Roman de fantasy étatsunien publié en 2020. L’action se déroule en 1893. Agnès, June et Bella Eastwood sont trois sœurs qui sont arrivées à la Nouvelle Salem depuis leur county provincial. Leur grand-mère était une sorcière qui leur a appris quelques sorts, mais la magie n’est plus ce qu’elle était, depuis que durant les temps médiévaux l’Inquisition à brûlé la majorité des sorcières et leur savoir avec elles. Mais pourtant, en ces temps de progrès, les sœurs Eastwood vont tomber sur un sortilège qui promet de faire advenir un Second Âge de la Sorcellerie. Et il est clair que les Eastwood ne sont pas les seules femmes du Nouveau Monde qui accueilleraient avec enthousiasme un peu plus de pouvoir que ce que le patriarcat veut bien leur accorder…

C’était fort chouette. Il y a quelques répétitions ici et là qui auraient pu être retiré par un passage éditorial de plus, mais à part ce léger défaut c’est une histoire originale, bien construite, qui alterne entre les points de vue des trois sœurs et qui crée tout un univers alternatif crédible. J’ai beaucoup aimé le genderbending de certains contes et des folkloristes (Charlotte Perrault et les sœurs Grimm ♥ ), la façon dont le roman rappelle qu’il s’agit d’une histoire occidentale (la magie des autres cultures fonctionne différemment, il y a toujours de la sorcellerie ailleurs, le combat initial pour le droit de vote est mené de façon séparé par les organisations de femmes noires et blanches).

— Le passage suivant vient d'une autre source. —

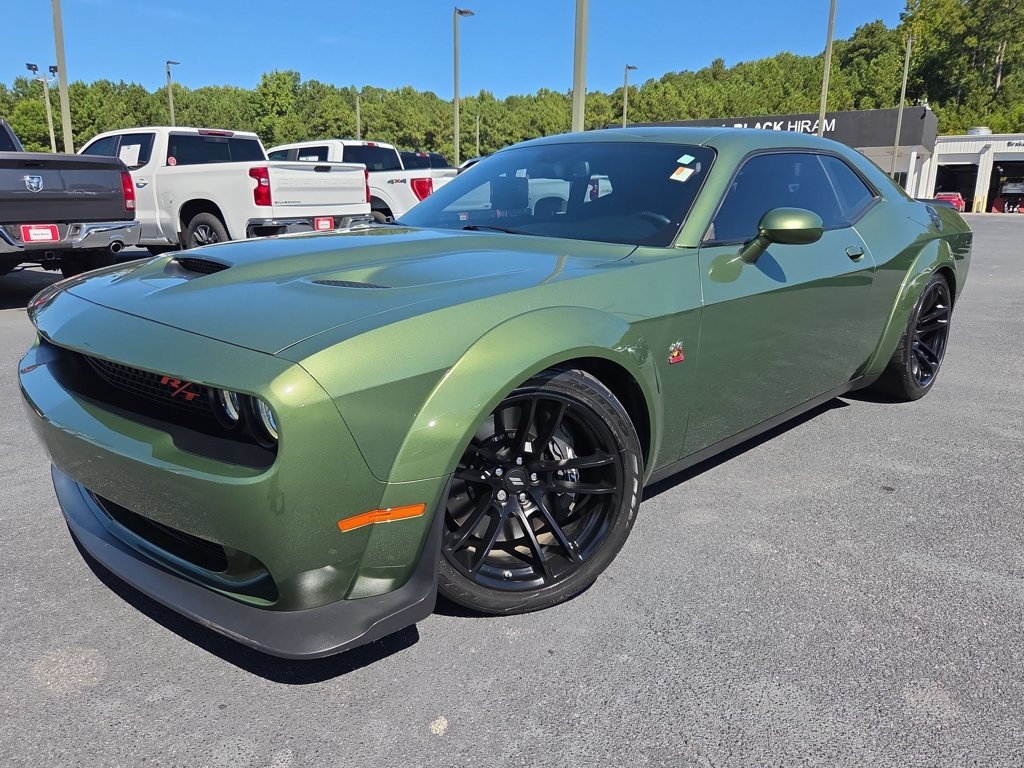 2023 Dodge Challenger R/T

La façon dont les enjeux ne cessent de s’amplifier jusqu’à la bataille finale est bien écrite, les thèmes féministes fonctionnent bien (clairement y’a du Caliban et la sorcière dans les inspirations de l’autrice), peut-être les personnages masculins sont un tout petit peu trop caricaturaux mais c’est un défaut très très mineur).

Je recommande si vous voulez de la fantasy féministe/si vous avez aimé La Scholomance.